The Muhammad cartoon madness

You probably know what happened in Garland, Texas, on May 5. The “Muhammad Art Exhibit and Cartoon Contest” was attacked by two gunmen, who were killed by the police before they could cause any harm. Since then, a possible link between the two Muslim attackers and the Islamic State of Iraq and the Levant (ISIL) has been sought and discussed. Meanwhile, many considered the event as yet another example of Islam’s intolerance of free speech and the terrorist threat it sparks. 

This threat, of course, is real, as we have seen over the years in the attacks against Danish cartoonists who made the cartoons of the Prophet Muhammad, and more recently in the terrorist rampage against the Charlie Hebdo magazine in France. There obviously are fanatical Muslims in the world who see “the insult of Islam” as a good reason to kill people. It is the job of us, other Muslims, to oppose them and call for peaceful, civilized responses to what we all consider offensive to the sacred symbols of our faith. I will give all that. 

But, on the other hand, non-Muslim Westerners should consider whether it is wise and helpful to insist on publishing such cartoons, only to offend all Muslims and provoke the fanatics among us. 

I know that the issue at stake here is freedom of speech, which is a value that I also passionately defend. But freedom of speech can be combined with either respect or disrespect to people of different faiths, and the former is arguably wiser and more helpful. We live in a world where formerly isolated cultures constantly meet each other and it is really more responsible to have this meeting through handshakes rather than poking fingers in the eye. 

That is why I fully agree with a recent New York Times editorial, which read:
“There is no question that images ridiculing religion, however offensive they may be to believers, qualify as protected free speech in the United States and most Western democracies. There is also no question that however offensive the images, they do not justify murder. But it is equally clear that the Muhammad Art Exhibit and Contest in Garland, Texas, was not really about free speech. It was an exercise in bigotry and hatred posing as a blow for freedom.”

This is not to mean that non-Muslims are supposed to shut up when it comes to Islam. Quite the contrary, as a Muslim, I welcome all reasoned critiques towards Islam and Muslim culture, from which I have only intellectually benefited over the years. But making a very degrading cartoon of Prophet Muhammad is not a reasoned critique; it is simply an insult and a provocation, in a context where there are enough fanatics around to be violently provoked. 

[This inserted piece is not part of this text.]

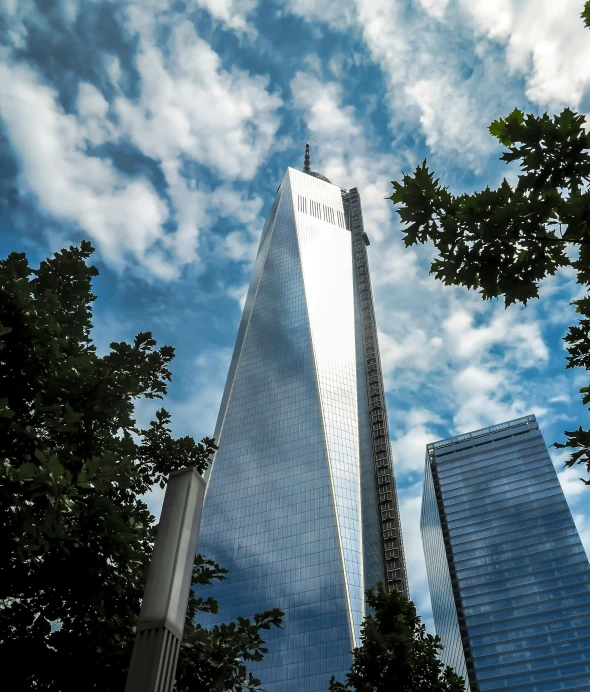 a very tall building sitting in the middle of a city, by Carey Morris, pexels contest winner, modernism, world trade center twin towers, slide show, today\'s featured photograph 4k, city buildings on top of trees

Some possible objections to this will probably come from the slippery slope argument: If Westerns restrain themselves from drawing the cartoons of a foreign prophet, they will enter a road at the end of which they will only submit to “sharia law” and to become the “dhimmis” (subdued non-Muslims) of Islam. But almost all slippery slope arguments are wrong, and they only serve senseless hawkishness. They deprive people from the chance to have the first handshake they could have with the other, leaving them alone with their clenched fists and bitter minds. 

Therefore I would urge all Western activists who may be eager to organize the next “Prophet Muhammad cartoon contest” to reconsider their urge. By such provocations, they are not helping us, the liberal-minded Muslims who actually try to extend freedom of speech within Islamdom. They are not helping their own civilization either, for they are making a “clash of civilizations” more possible, if not imminent.